The varied clinical and economic outcomes associated with ORC across surgery settings indicated the needs of evidence-based clinical decision making regarding the use of ORC in surgeries.
Blood transfusion could be a reasonable outcome measure indirectly assessing hemostasis effects in real-world surgery settings.
It is challenging to fully control the known and unknown confounding effects in retrospective cohort studies assessing hemostasis effects associated with ORC.
Randomized control trial could be a better study design to achieve definitive conclusions on the hemostasis effects of ORC.

Author contributions

Z Qian and W Chen formulated the research idea and developed the study protocol. F Xiong, X Xia, P Gu, Q Wang and A Wu developed data extraction strategies, coordinate the data access and conducted data extraction from the hospital information system. Q Gong, Y Chen and H Zhan followed the study protocol to clean the extracted data and perform the data analysis. Z Qian and W Chen drafted the manuscript. All authors have critically reviewed the manuscript and approved this manuscript submission.

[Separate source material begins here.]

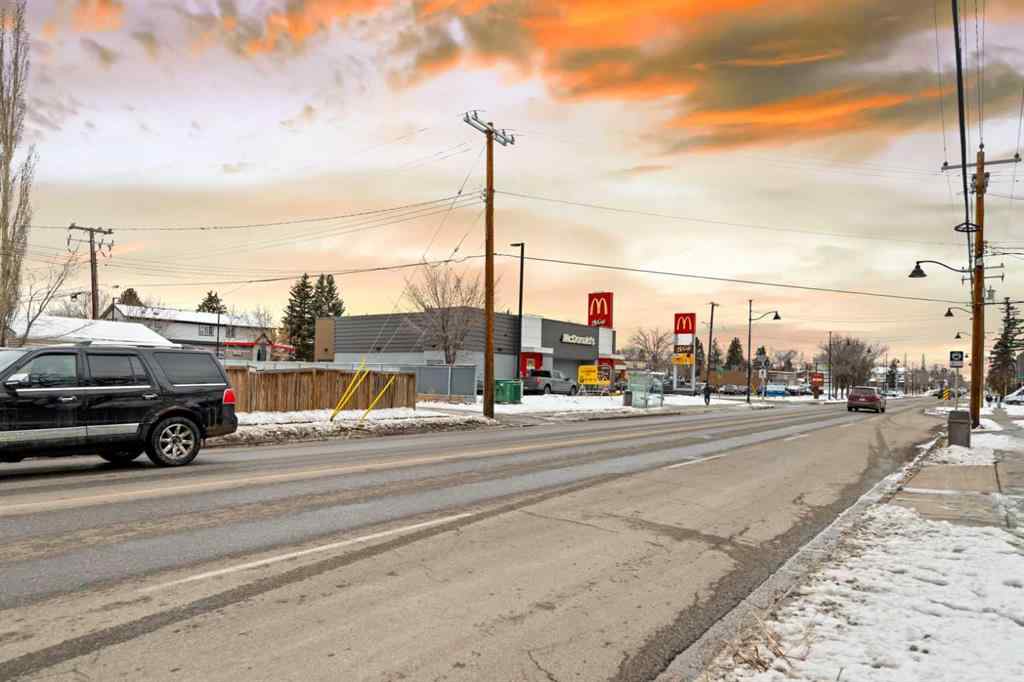 MLS® A2234750 - 2214 4 Street NW in Mount Pleasant Calgary, Residential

Financial & competing interests disclosure

This study was funded by Ethicon, Inc., Somerville, NJ, USA. Q Gong, Y Chen, H Zhan and W Chen are employed in a consulting firm which receives industry research funds for real-world studies and health economics research. The authors have no other relevant affiliations or financial involvement with any organization or entity with a financial interest in or financial conflict with the subject matter or materials discussed in the manuscript apart from those disclosed.
No writing assistance was utilized in the production of this manuscript.